A pre-trade written record of your thesis, sizing, and what would change your mind.
A decision journal is a written record made before you trade, capturing your reasoning, how big the position is, and what would prove you wrong. You write it in the moment of deciding — the thesis, the catalyst, the risks, the invalidation, the size — so there's an honest record of what you actually thought.
Its power comes later. When you review it after the outcome, you see your genuine thinking rather than the rewritten memory your mind invents once you know how things turned out. Hindsight quietly edits the past — 'I always knew that was risky' — and the journal is the antidote, preserving what you really believed. It lets you separate good decisions from lucky ones, and bad decisions from unlucky ones, which is the only honest way to learn from your own investing.
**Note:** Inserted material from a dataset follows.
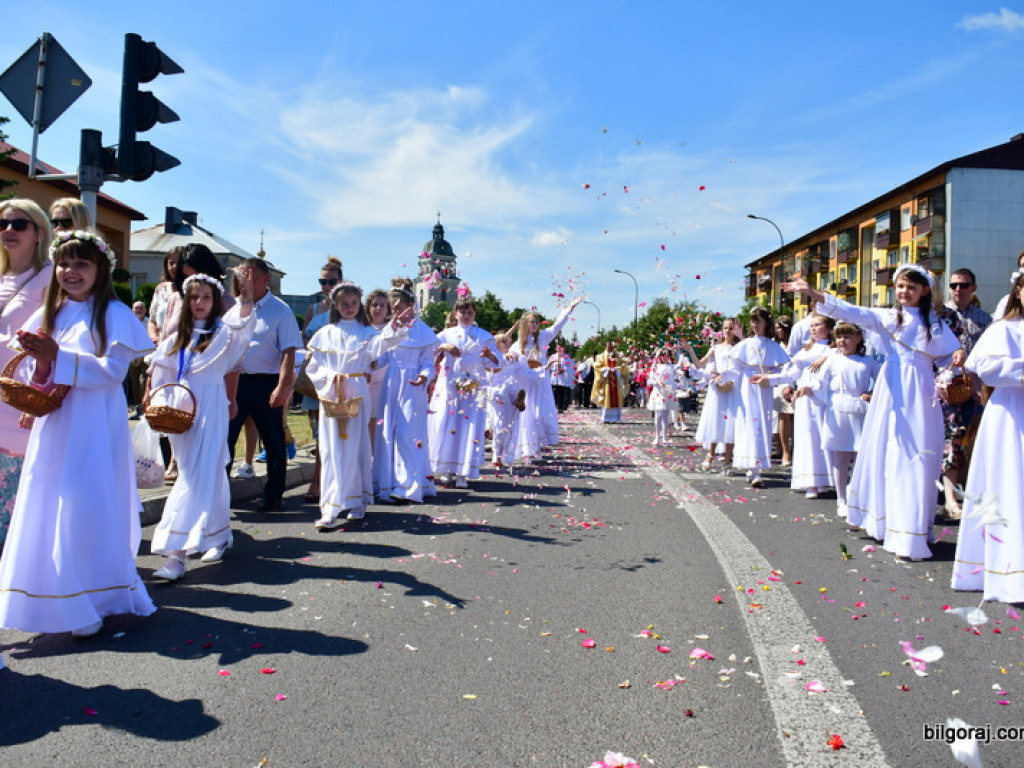 Boże Ciało. Bóg w postaci chleba (FOTO, VIDEO)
A decision journal records your thesis, size, and invalidation before you trade. Reviewed later, it shows what you really thought — not the memory hindsight rewrites — so you learn from process, not luck.
For example
Before buying, you write: 'Thesis, target, what would make me sell, 4% position.' A year later you compare that record to what actually happened — and to what you now remember thinking.
Learn it by doing
That's Decision journal in theory — it clicks when you use it. Practise it hands-on in a free, interactive lesson (Stage 13, Active Investing: Should You Even Bother?).
Try the free lesson →Why it matters to you
A decision journal matters because it's the single best tool for learning honestly from your own decisions. Without one, hindsight bias rewrites your memory to match outcomes, so you draw the wrong lessons — crediting luck as skill and blaming skill as bad luck. The journal freezes your real reasoning at the moment of decision, letting you judge the process rather than just the result. Over time, that's how you actually improve as an investor.
⚠ Judging decisions by outcomes alone
Without a written record, you'll judge past decisions by how they turned out — calling a lucky win 'skill' and an unlucky loss 'a mistake'. But a good decision can have a bad outcome and vice versa. A decision journal preserves your actual reasoning so you can evaluate the process, not just the result, which is the only reliable way to improve.